Friday, September 16, 2005

White House disappoints

by Ernie Dumas

Gov. Huckabee has been an unstintingly loyal Republican, sticking with the Bush White House for four and a half years on its most dubious and least defensible quests. For this most political presidency, that kind of allegiance ordinarily has proved to be the supreme test when the spoils are passed around, and it must account for the governor's pique at the administration this week.

No state has enlisted in the humanitarian effort to relieve the suffering of the victims of Hurricane Katrina like Arkansas. Texas has borne a larger burden in the aggregate, but it pales to Arkansas' sacrifice on a per-capita basis. Arkansas – the state, schools and local governments, its churches, its charitable institutions and countless thousands of individuals – made a Herculean effort to bring balm to the northward flow of suffering humanity from the stricken coast. Huckabee did what the president and his men should have done: The governor declared that the full resources of the state would be dedicated to help and he threw his office and himself into the task.

But when the governor and the congressional delegation asked Washington for a little help last week, they got a cold shoulder, a very cold shoulder. Texas got all the money that wasn't being spent on the coast. So much for political fealty.
Huckabee, unlike Asa Hutchinson, the all-but-official Republican candidate to succeed him, complained early on about the heedless inefficiency of the hapless Federal Emergency Management Agency and then backed off a bit. But then early the past week, an astonished Huckabee reported, a FEMA official called him to ask if any of the coastal refugees were in Arkansas. Only about 75,000. It made no difference. No financial help from the agency was forthcoming.

When the governor called Michael Chertoff, the Homeland Security secretary, who it is becoming clear was the biggest bungler in the whole scandalous operation, Chertoff told him in no uncertain terms that he would surrender no authority to the governor to direct relief in Arkansas. Federal documents this week disclosed that it was not the political hack who was forced out as head of FEMA last week but Chertoff himself who had the power to mobilize a massive response to the hurricane but who chose not to.

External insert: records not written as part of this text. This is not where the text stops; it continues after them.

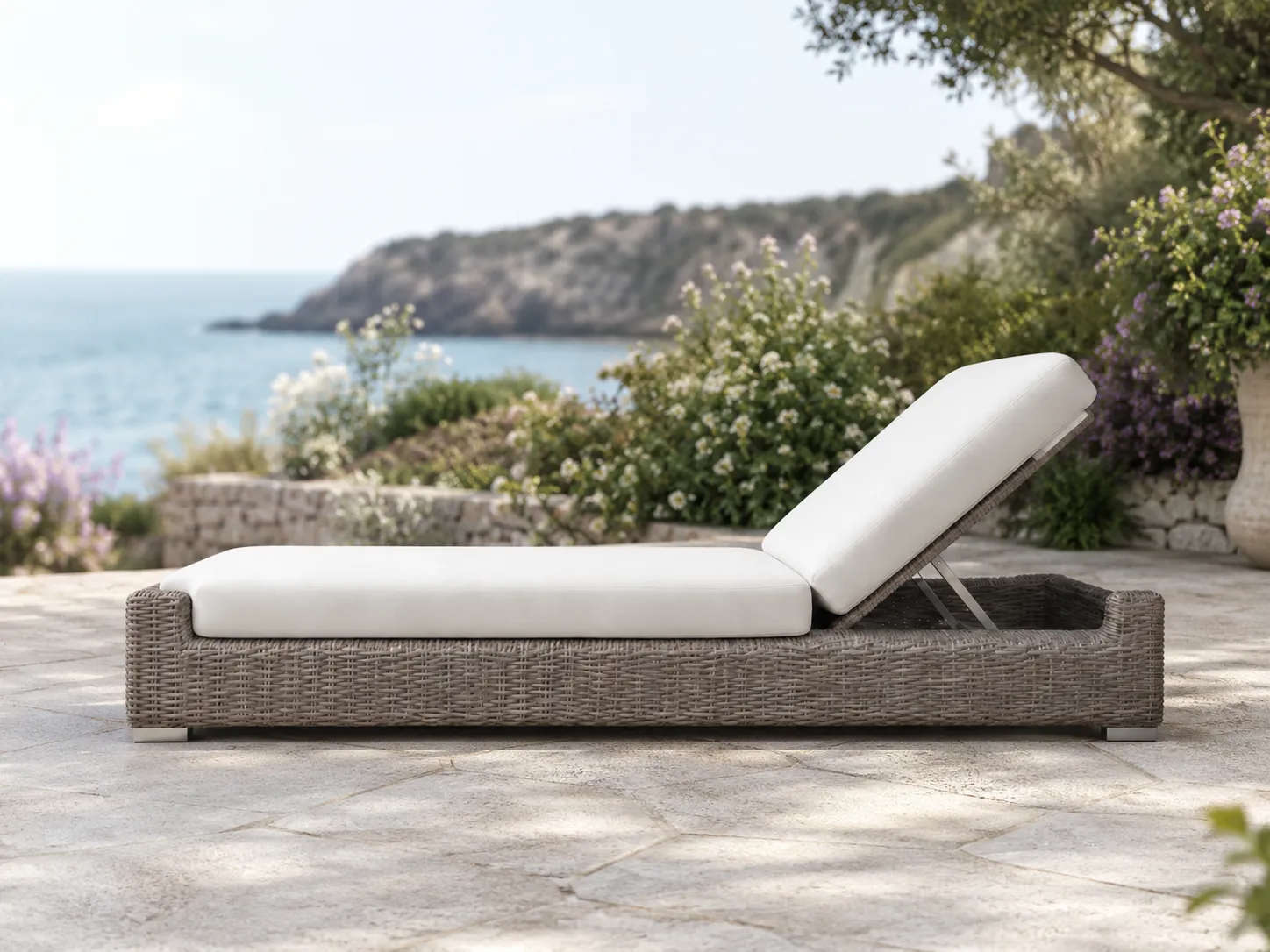 Side view of wicker outdoor sun lounger with white cushion and adjustable backrest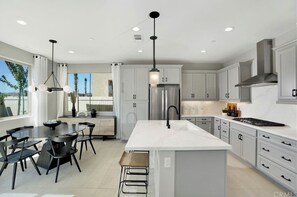 Enjoy cooking in this well-equipped kitchen with a central island, ample counter space, and integrated appliances.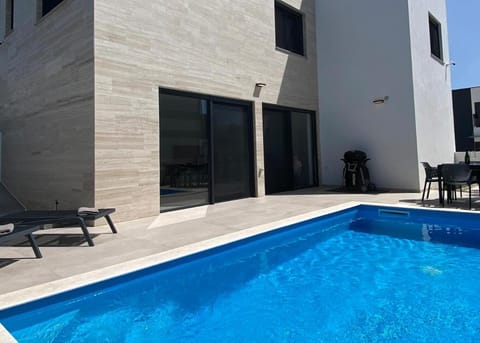 Property building, Patio, Day, Pool view, sunbed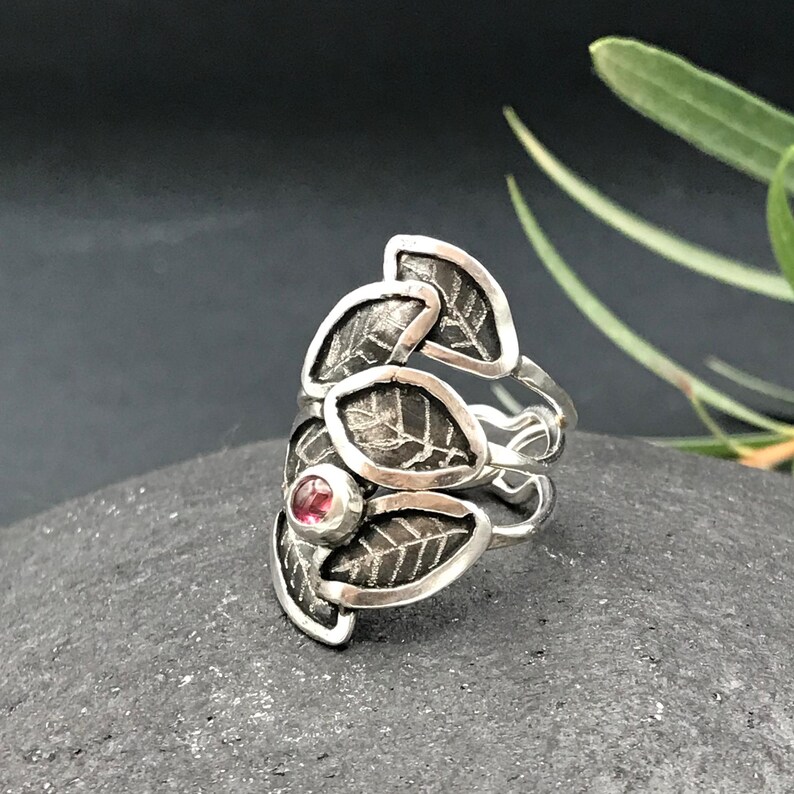 May include: A silver ring with a textured leaf design and a pink gemstone in the center.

Thirty-six hours after the storm moved inland, Chertoff shuffled the duty off to poor Michael (Brownie) Brown, the FEMA director. We would like to think that Huckabee dropped his clerical mantle and gave him a piece of his mind.
As soon as the refugees began pouring into the state by car, bus and airlift, the state applied for a $30 million national emergency grant from the Department of Labor.

Wednesday, Sen. Blanche Lincoln was told that after they took care of Texas they had nothing left for Arkansas. The administration just drained the account.

Thursday night, the president made a well-staged but impressive speech in New Orleans' Jackson Square in which he promised a reconstruction effort unmatched in history and federal compensation to states that helped.

So Arkansas may yet be made whole for its Good Samaritan sacrifices. But a good speech has not proved to be a contract with this administration. We have a hunch that the governor's frustrations with his party and its chief are not behind him.